A site certification of their own development site at first glance seems just additional costs and effort as re-use and funding issues do not seem to be present. G&D was, however, expecting evaluations with 3 different schemes and multiple labs and this could result in having to spend many days on the audits and alignment problems. Formally site certificates aren't yet automatically mutually recognized (under the formal arguments that it is not a product evaluation and often there is ALC_DVS.2 included which is not part of EAL4), however between the smart card schemes it is easily accepted. (Background: the site certification process came from ISCI WG1, one of the working groups of the smart card community, hence this is a consensus between those smart card schemes.)

Next to the goal of reducing the audit days, G&D also saw this as an opportunity to show non-CC customers that their site was secure.

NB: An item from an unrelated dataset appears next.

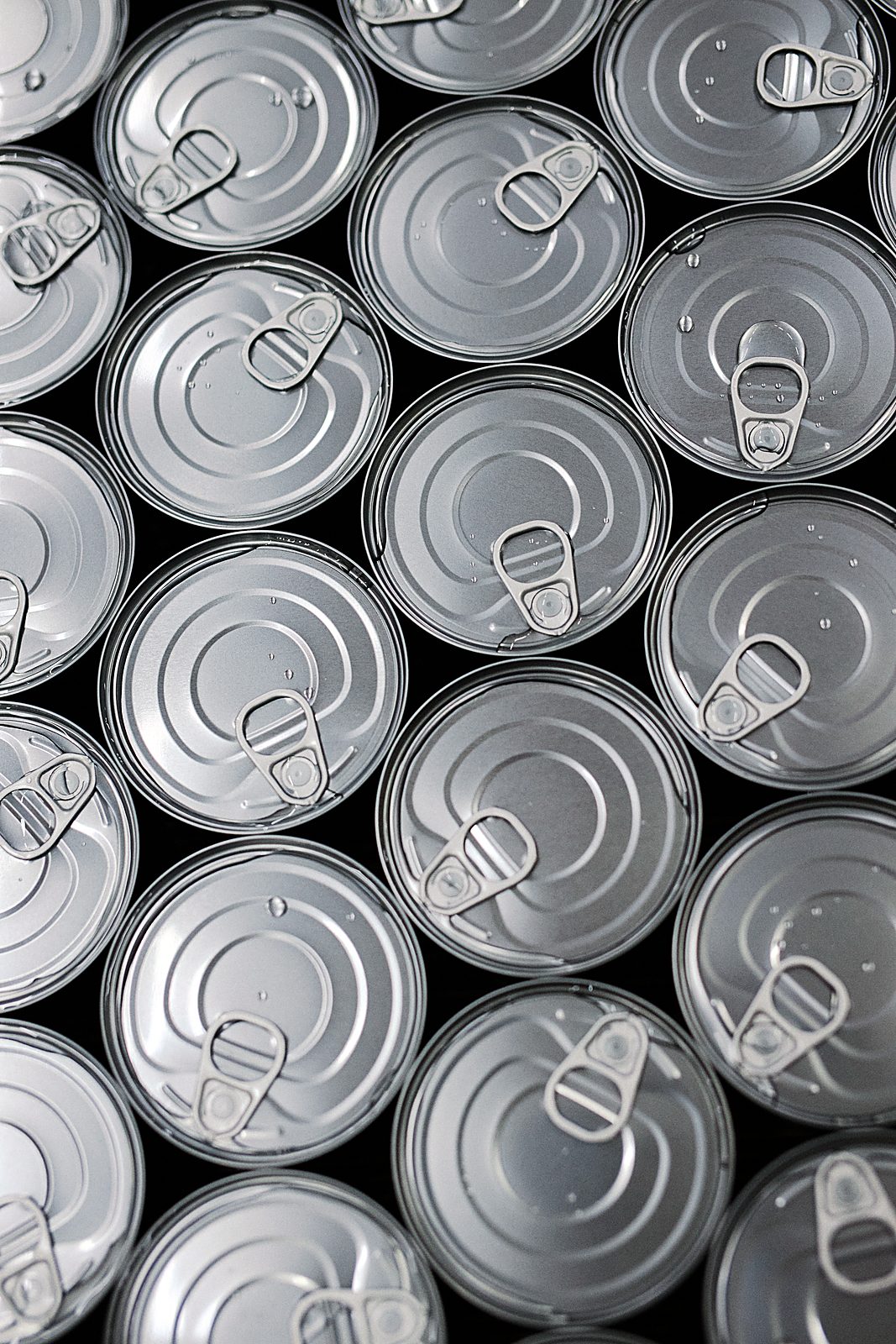 Canned giant squid and smoked trout produced in our own cannery in Peru — Tonari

All in all their experience was good and they showed a few tricks to sidestep the pitfalls of changing tool versions and disclosure of site details to others. I liked this talk for the progress it showed in this area and how G&D used this strategically to reduce costs in the audit days as well as promotion outside the CC domain.

"Feedback on the application of ALC requirements in Open Source projects"

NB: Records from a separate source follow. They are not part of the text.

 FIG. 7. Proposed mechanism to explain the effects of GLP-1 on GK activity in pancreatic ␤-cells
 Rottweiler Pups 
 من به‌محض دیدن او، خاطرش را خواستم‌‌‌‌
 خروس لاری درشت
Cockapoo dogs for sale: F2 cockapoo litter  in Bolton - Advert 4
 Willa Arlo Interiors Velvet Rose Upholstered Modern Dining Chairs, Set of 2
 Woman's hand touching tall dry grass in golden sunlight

In Feedback on the application of ALC requirements in Open Source projects Christophe Blad of Oppida described his experience with applying ALC on open source projects. As these are open source projects, the confidentiality of the configuration items (especially the source code) is not relevant, only the integrity.

The projects covered used subversion to control the integrity. Commit access to the subversion server was only given in steps, first an agreement with legal barbs had to be signed, then submit rights to a small, non-security relevant part was given (technically this will have been part of the TSF regardless, as we are talking about a library here without internal boundaries), and only then for the whole source. Full code reviews on submissions are (claimed to be) performed.

Christophe considered the integration and access control to have passed evaluation muster. I agree that at low attack potentials there seems to be no reason why an open source project with a solid version management system and checks on commits cannot pass, but there is a lurking problem when the attack potential goes up: the ALC requirements are within a model of trust-worthy developers. How this applies to a potentially malicious submitter of patches is unclear. I don't see a clear argument why an AVA_VAN.4 attacker submitting a backdoor in incremental "programming mistakes" will be countered by code reviews. There are a lot of ways to sneak in hostile code, even an off-by-one error deep in the multiplication routines can lead to remote backdoors (seemingly honest mistake in the RSA Reference library many moons ago left a lot of SSL implementations vulnerable to remotely exploitable buffer overflows).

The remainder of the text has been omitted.